For three months, at least a third of Hong Kong’s population of only 7 million has been protesting for democratic rights in the streets of the semi-autonomous territory. Yet Beijing’s powerful leader, Xi Jinping, has not crushed the demonstrations. Why? Does he worry about economic fallout? Or the loss of China’s hopes to be seen as a benign global leader?

One possibility is that Mr. Xi would be crushing one of his claims to power: the promise of a “China dream.” This grand idea, repeated again and again, rests in part on a racial stereotype. It is the myth that all people of Chinese descent share a cultural unity and their political identity must be defined – and enforced – by the Communist Party.

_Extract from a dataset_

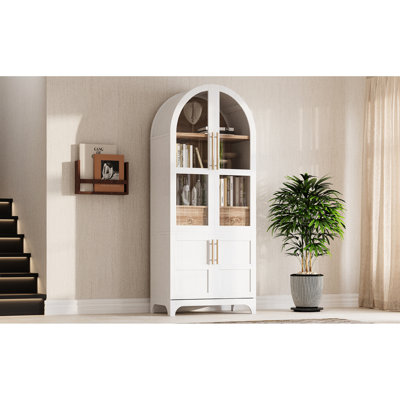 White Arched Storage Cabinet For Kitchen With 4 Door Shelves, Adjustable Storage, And Hidden Drawer, 71 Inches Pantry Doors, Drawer Spacious Tall
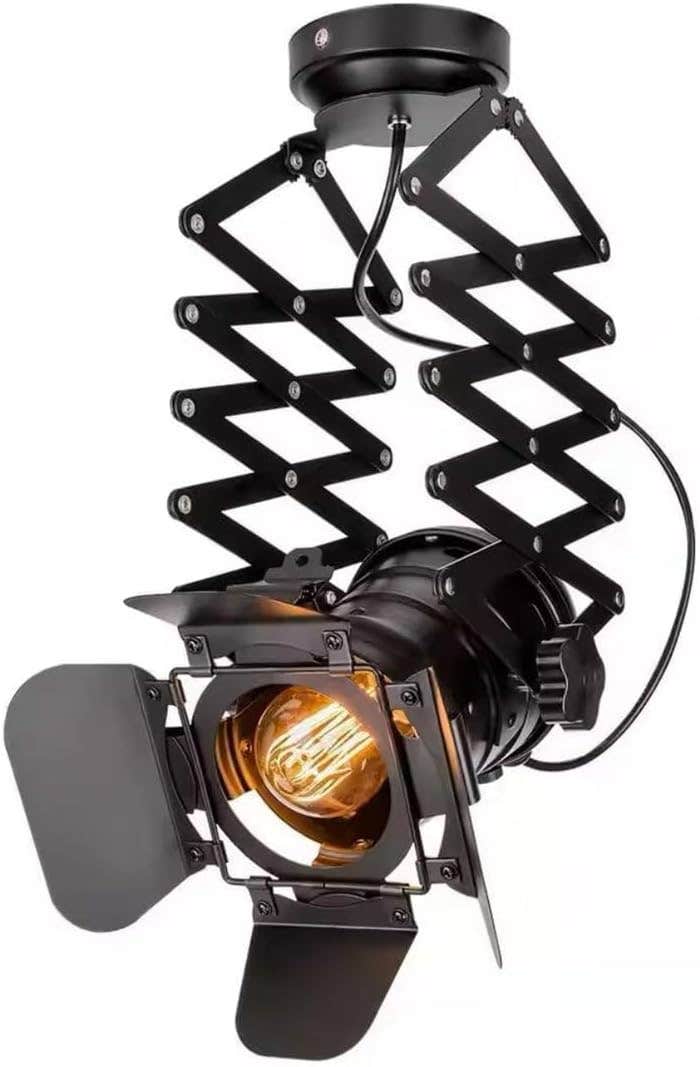 Meshkah Lighting Industrial Ceiling Light with Extendable Scissor Arm - Adjustable Height and Versatile Design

It is this notion of ethnic patriotism – or bloodlines as destiny – that has been so ably challenged by the protesters. Their embrace of civil values as a collective identity is not based on dimensions of “Chineseness.” They have forged a cultural unity around the daily practice of freedom of speech and assembly, equality under a system of law left by British rule, and political transparency and accountability.

Hong Kongers – which most prefer to be called instead of Chinese – have coalesced around a shared self-governance, mutual respect, and open-mindedness. The crushing of the protests could not crush this internalized identity. A violent display of authority would expose the empty myth of a homogeneous ethnicity. The emperor would be seen as having no clothes.

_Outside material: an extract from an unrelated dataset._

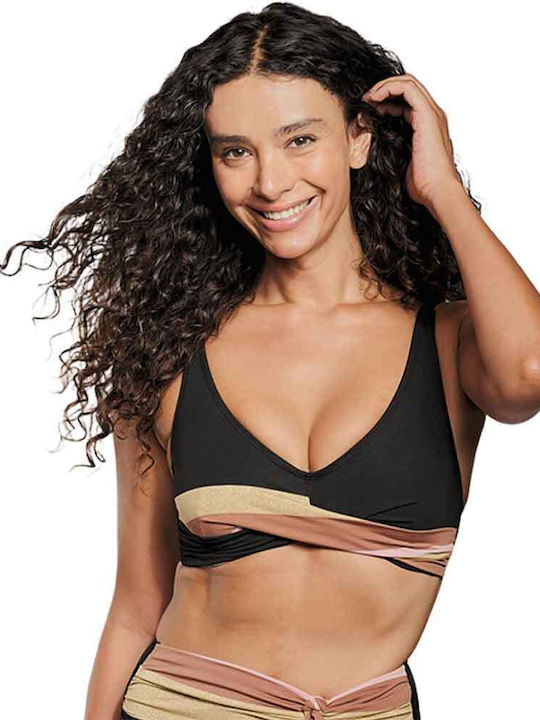 Padded Underwire Bikini Bra with Adjustable Straps Black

Since his rise to power in 2012, Mr. Xi has tried to extend his “China dream” to both Hong Kong and the independent island nation of Taiwan. In a 2015 meeting with Taiwan’s then-leader, Ma Ying-jeou, he stated, “We [China and Taiwan] are brothers connected by flesh even if our bones are broken. We are a family whose blood is thicker than water.”

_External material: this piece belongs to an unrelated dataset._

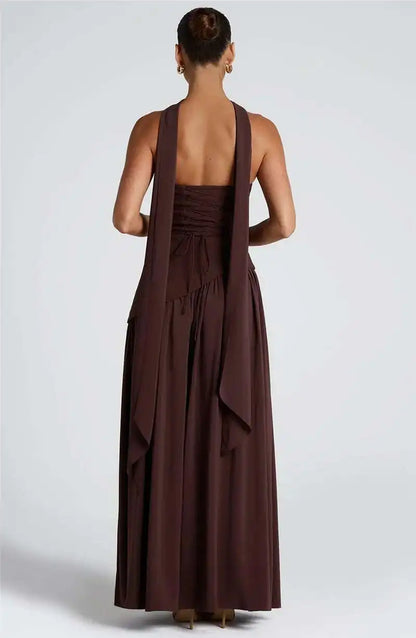 Strapless Scarf Maxi Dress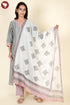 Chanderi Silk Kurta Pant With Dupatta In Floral Block Print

The Taiwanese, who have enjoyed democracy for three decades, do not buy this claim, especially as it is made under the threat of military coercion. Nearly two-thirds of the country’s 23 million citizens see themselves as Taiwanese, not Chinese. Their view is reinforced by Beijing’s rising threats against the Hong Kong protesters.

The “China dream” is based on the work of Mr. Xi’s ideology mastermind, Wang Huning. The former scholar sits on the party’s powerful politburo. His writings argue that Chinese people are prone to accept authoritarian rule out of Confucian-style reverence. They are “descendants of the dragon” and not yet advanced in their thinking to really know their interests. They need the paternalistic rule of an unchallenged Communist Party, not a system based on the choice of individuals. Mr. Wang says democratic freedoms and basic rights are “self-defeating.”

Cultural typecasting is not unique to China’s rulers. Many leaders hold to power on claims of ethnic cohesiveness rather than a civic nation.

In their thinking and actions, Hong Kong’s protesters have already overthrown Mr. Xi’s ethnic branding. Their conscience is already free. Their identity is chosen, not given, and rooted in universal values, not an imposed dream of ancestral traits. Whatever crackdown may still be imposed, this self-determined identity cannot be crushed. This may be giving Mr. Xi pause.